P- Como foi sua chegada no Rio de Janeiro?
Renata Jambeiro - A terra do samba! Estar no Rio é uma mistura de sensações. Literalmente o purgatório da beleza e do caos! Completou um ano que estou morando na cidade... um ano que me fez crescer e desenvolver como artista, como ser humano. A cidade não pára e preciso acompanhar. O estudo, o empenho, as descobertas, uma a uma, foram se desenvolvendo de forma natural, flertando com as novas possibilidades que se abriram. O balanço é positivo! Cheguei em Janeiro passado fazendo temporada no Favella's, casa da Lapa, shows no CCC-Centro Cultural Carioca, Rio Scenarium e participações em diversos outros eventos, shows e rodas de samba no Rio e em Niterói. Apresentei meu show no Festival Back 2 Black, na Cidade das Artes. Segui com shows pelo Brasil. Trabalhei em vários estados com a Caravana do Esporte e da Música, idealizada e presidida pela cantora Daniela Mercury e a esportista Ana Mozer e assumi as quintas-feiras do Bar Semente, na Lapa, onde trabalho ao lado do grande violinista popular Nicolas Krassik, o francês mais brasileiro que eu já conheci e me apaixonei. Assim, a parceria na vida se expandiu para o palco, onde misturamos nossas propostas musicais e as quintas do Semente se tornaram surpreendentes e imperdíveis.

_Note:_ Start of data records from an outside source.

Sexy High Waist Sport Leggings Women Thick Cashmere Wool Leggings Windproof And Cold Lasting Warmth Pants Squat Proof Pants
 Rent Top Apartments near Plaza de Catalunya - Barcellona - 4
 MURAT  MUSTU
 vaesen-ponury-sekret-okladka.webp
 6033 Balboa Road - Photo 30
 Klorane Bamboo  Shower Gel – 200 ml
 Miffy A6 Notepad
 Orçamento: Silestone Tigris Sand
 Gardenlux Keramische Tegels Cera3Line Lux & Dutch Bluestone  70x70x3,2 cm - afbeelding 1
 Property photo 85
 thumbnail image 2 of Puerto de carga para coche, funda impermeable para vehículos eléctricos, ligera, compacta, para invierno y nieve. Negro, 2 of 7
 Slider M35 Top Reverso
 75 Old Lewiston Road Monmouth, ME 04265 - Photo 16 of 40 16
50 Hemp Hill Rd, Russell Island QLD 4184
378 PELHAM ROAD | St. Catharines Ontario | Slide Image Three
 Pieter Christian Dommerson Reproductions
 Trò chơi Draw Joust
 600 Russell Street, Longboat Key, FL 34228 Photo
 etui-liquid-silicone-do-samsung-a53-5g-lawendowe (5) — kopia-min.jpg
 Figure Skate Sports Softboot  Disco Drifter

P- Você tem dado uns “rolezinhos” pelo mundo do samba do Rio. Como isso tem acontecido?
Renata Jambeiro – O Rio é uma cidade que vive dentro de uma estrutura festiva. A base dessa estrutura é a música, especialmente o samba. O samba, por sua vez, tem as suas hierarquias e elas são fortes, representativas. Eis porque tenho feito esse circuito de conhecimento das diferentes células do samba carioca. Quero entender as propostas, as diferenças rítmicas e poéticas. Nada é mais importante do que a vivência. Trago desde quando morava em Brasília alguns relacionamentos importantes como minha amizade com Dona Ivone Lara, que é nossa grande dama do samba e uma pessoa ímpar, assim como toda sua família, que me recebeu com muito amor. Nossa amizade começou em Brasília e depois ela me chamou para participar do seu show no Teatro Rival e aí lá se vão 7 anos. O Noca da Portela que se tornou um pai musical. O cantor e compositor Altay Veloso que abraçou a mim e ao meu trabalho com amor. Isso, falando da velha guarda e ressaltando o que eles já me proporcionaram. Outra força tem sido o produtor Dermeval Coelho que me inseriu no Cacique de Ramos, onde fui recebida com todo carinho e onde o senhor Bira Presidente me agregou como afilhada caciqueana. Cantar lá foi maravilhoso. Outro lugar importante é o Renascença, onde o querido Moacyr Luz também abriu espaço para mim e onde tenho queridos amigos tocando. Assim, aos poucos, vou conhecendo os lugares do samba da cidade e também apresentando meu cartão de visita, que é o meu canto.